Items from a data source
════

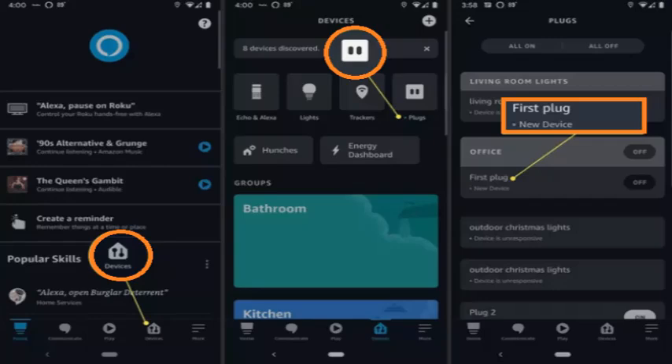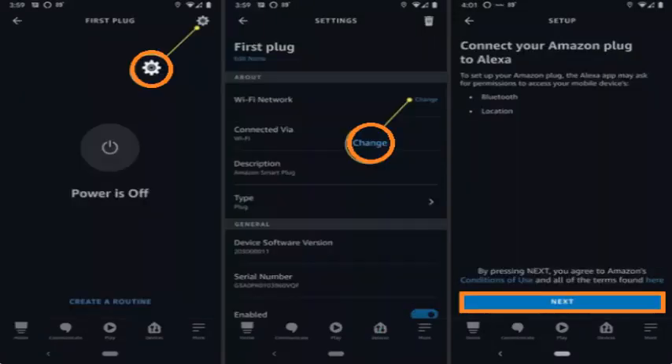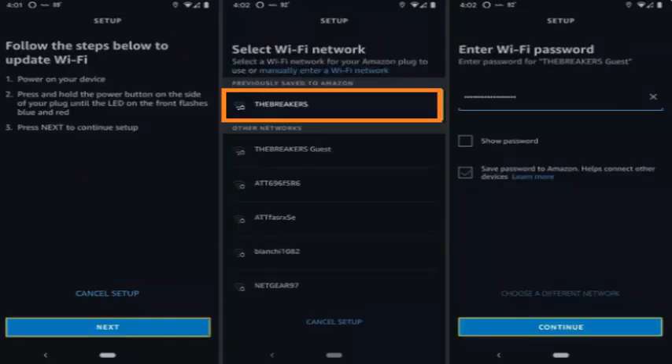For the first step, open the Alexa app and tap Devices. Tap Plugs. Tap your Smart Plug. Tap the gear icon. Tap Change next to Wi-Fi Network. Tap Next.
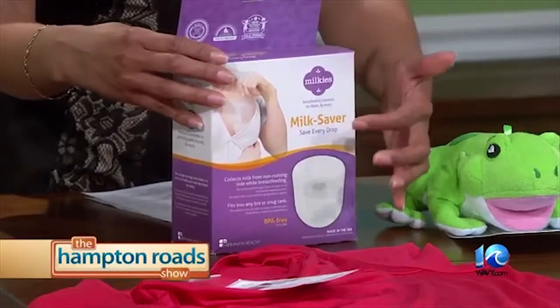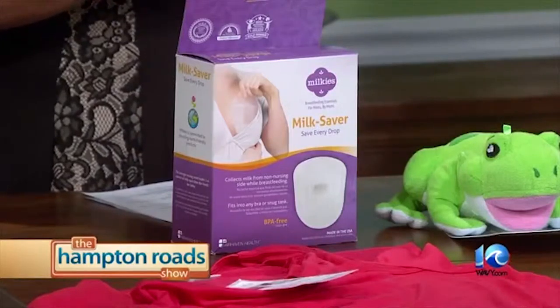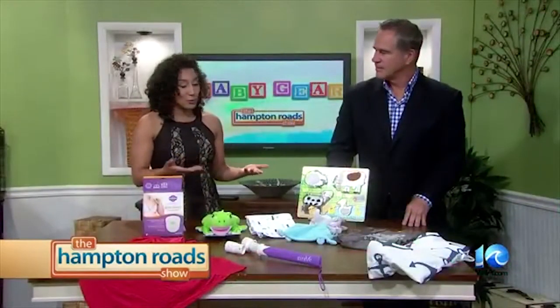So the way this works, you put the cup inside of one of the breasts, and it's very discreet, and it collects the milk that is secreting there. My milkies milk saver — really great for moms, and you can find it at mymilkies.com.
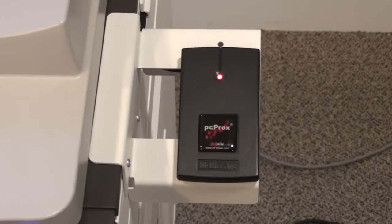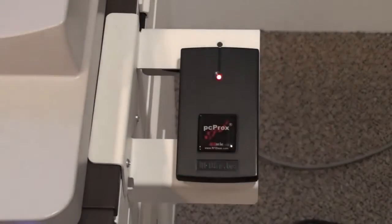Once the MFD has finished scanning the document, hold your card briefly over the reader once again to log out.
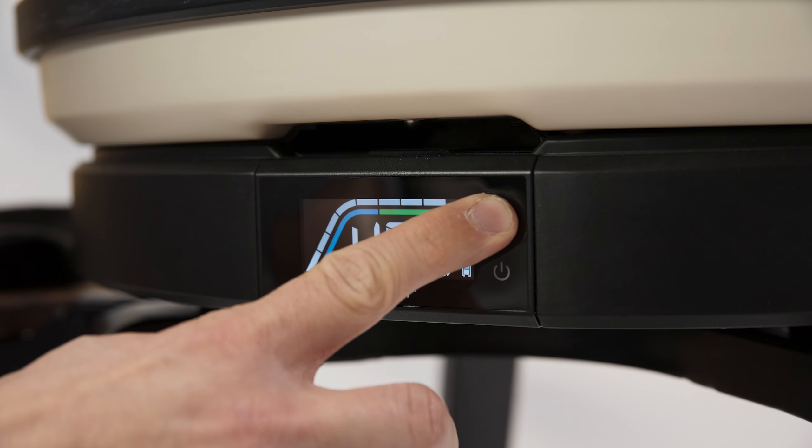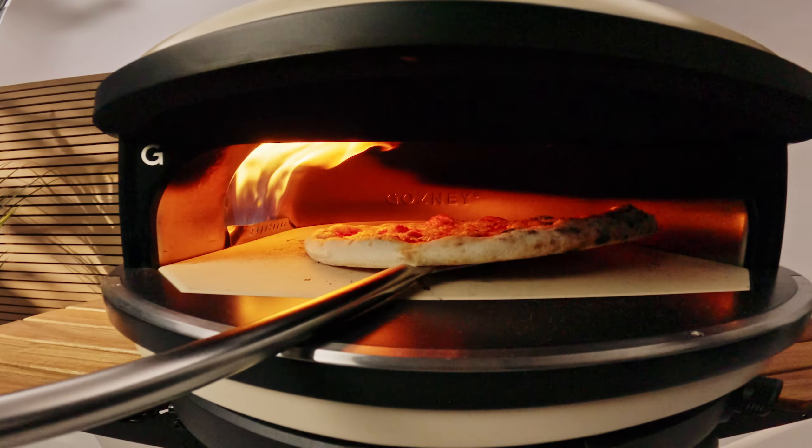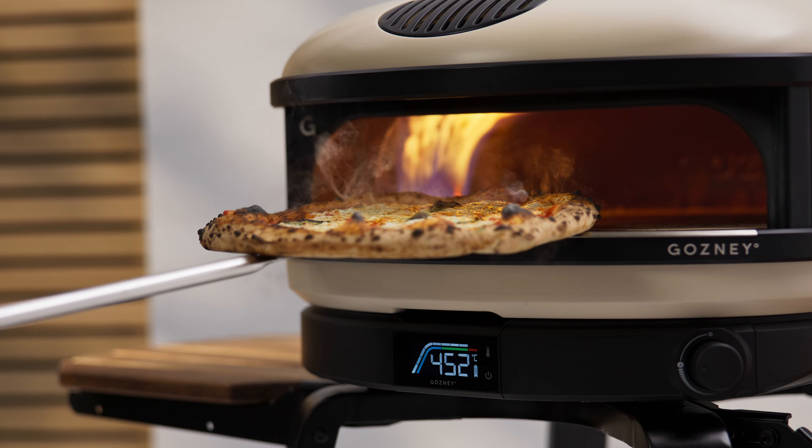Really wide mouth with a slimline docking system, a scaled down version of the dome. It had to work in the same way, it had to cook pizza brilliantly — easily launch your pizza, turn your pizza, manoeuvre the pizza in and out of the oven and see it whilst it's cooking.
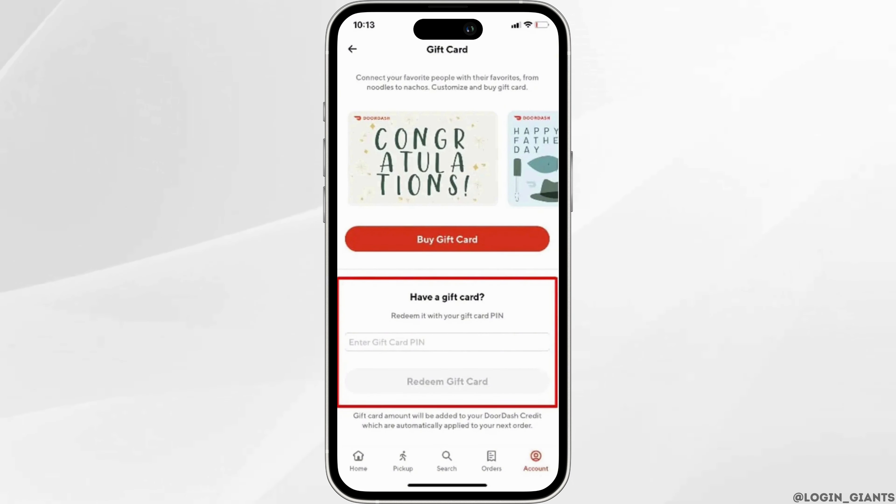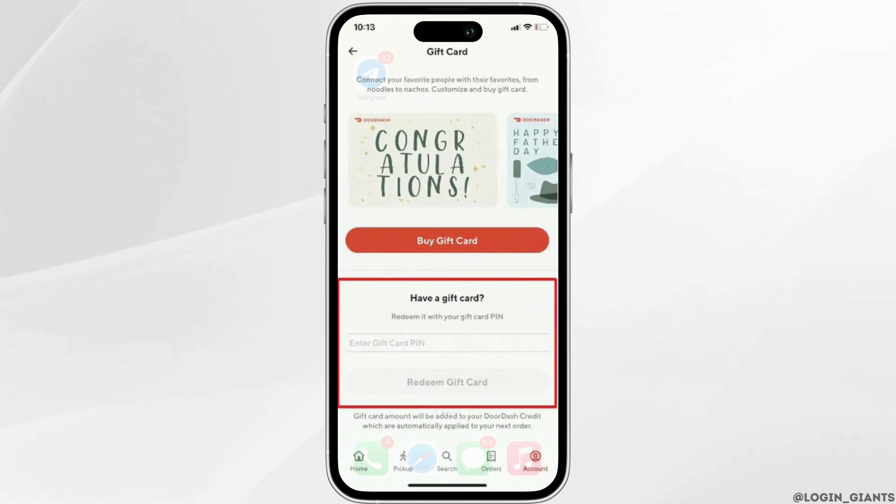After you enter this PIN, hit the Redeem option and with this, your gift card balance is now ready to use for any yummy orders from the vast selection of restaurants on DoorDash.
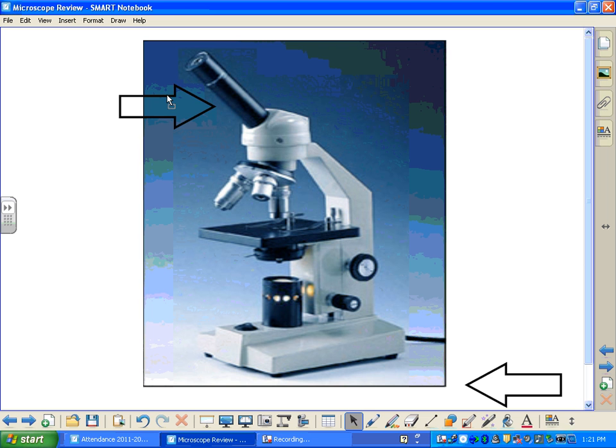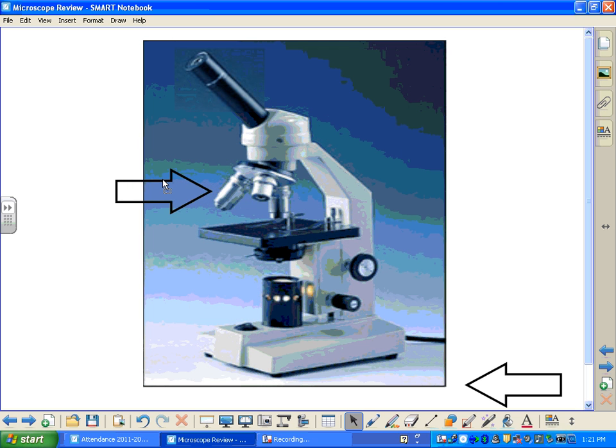Below that is the body tube that connects the eyepiece to the rest of the microscope. Looking at the left side of this picture, we've got three lenses coming off of our microscope — a small, a medium, and a large. The small has the low power lens in it, the medium has the medium power lens in it, and the long one has the high power lens in it. Keep in mind the eyepiece also has a lens in it.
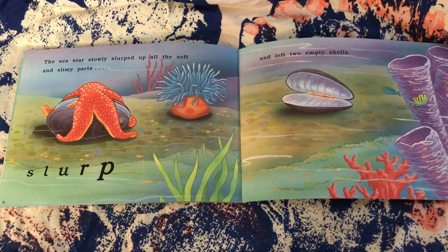The sea star slowly slurped up all the soft and slimy parts — slurp — and left two empty shells.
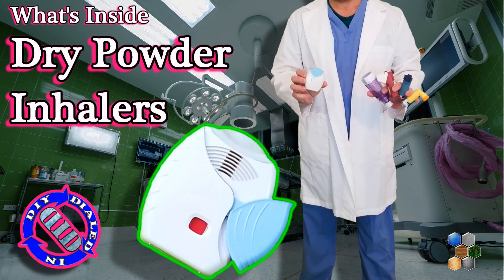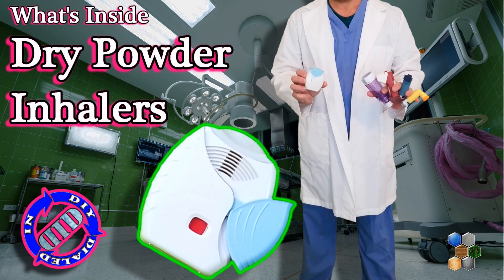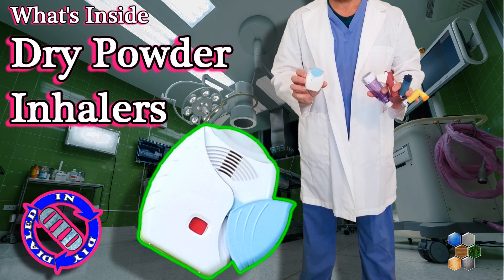Welcome back! Today on Dialed In DIY, I'm gonna take an advanced piece of medical tech and rip it apart.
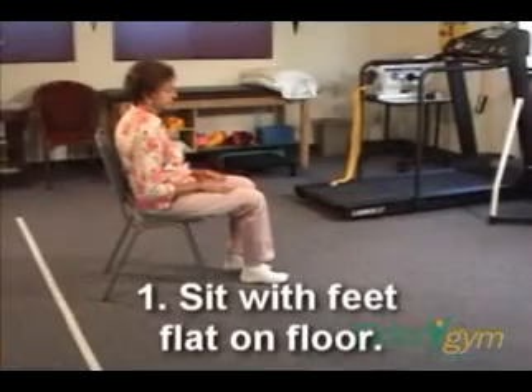Step 1. Sit in a chair with feet flat on the floor.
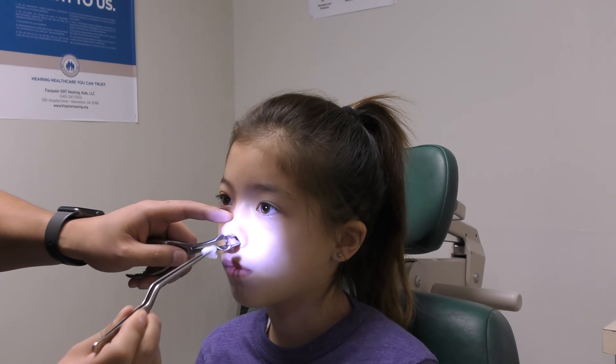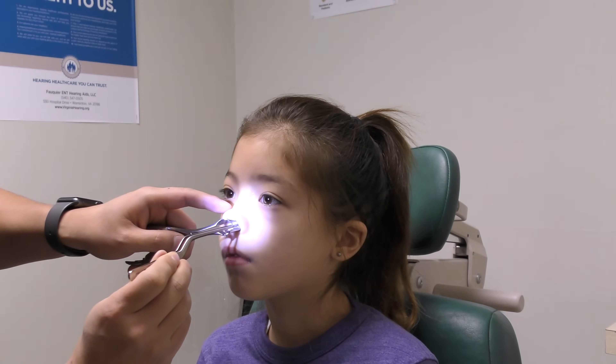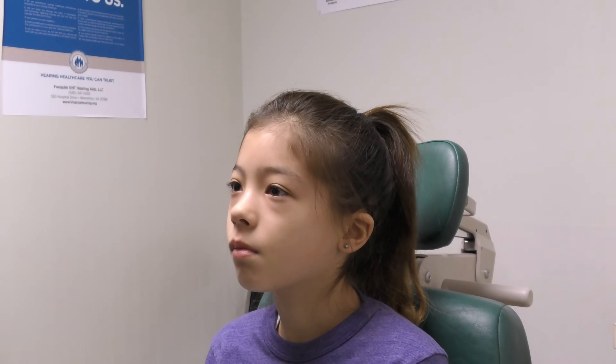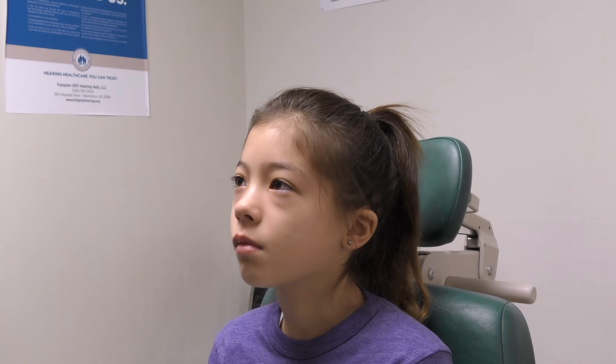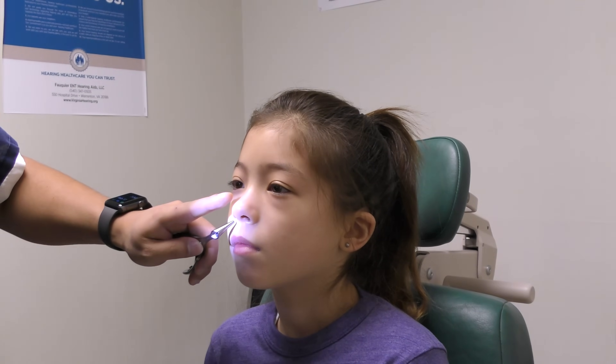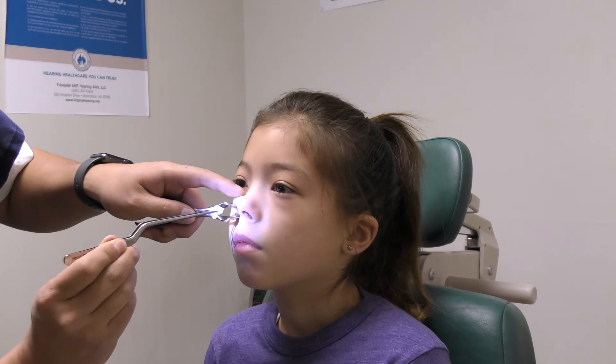Nasal cautery can be performed without sedation in cooperative children, typically starting around age 5 years. Usually silver nitrate cauterization is tried first before other more invasive methods of cauterization are utilized, including electricity.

════

No pictures belong in the output. Restate word for word only the lines from the one containing "Once the MFD" to the end of the entries above.

■ EXERCISE OUTPUT ■
Once the MFD has finished scanning the document, hold your card briefly over the reader once again to log out.
Really wide mouth with a slimline docking system, a scaled down version of the dome. It had to work in the same way, it had to cook pizza brilliantly — easily launch your pizza, turn your pizza, manoeuvre the pizza in and out of the oven and see it whilst it's cooking.
After you enter this PIN, hit the Redeem option and with this, your gift card balance is now ready to use for any yummy orders from the vast selection of restaurants on DoorDash.
Below that is the body tube that connects the eyepiece to the rest of the microscope. Looking at the left side of this picture, we've got three lenses coming off of our microscope — a small, a medium, and a large. The small has the low power lens in it, the medium has the medium power lens in it, and the long one has the high power lens in it. Keep in mind the eyepiece also has a lens in it.
The sea star slowly slurped up all the soft and slimy parts — slurp — and left two empty shells.
Welcome back! Today on Dialed In DIY, I'm gonna take an advanced piece of medical tech and rip it apart.
Step 1. Sit in a chair with feet flat on the floor.
Nasal cautery can be performed without sedation in cooperative children, typically starting around age 5 years. Usually silver nitrate cauterization is tried first before other more invasive methods of cauterization are utilized, including electricity.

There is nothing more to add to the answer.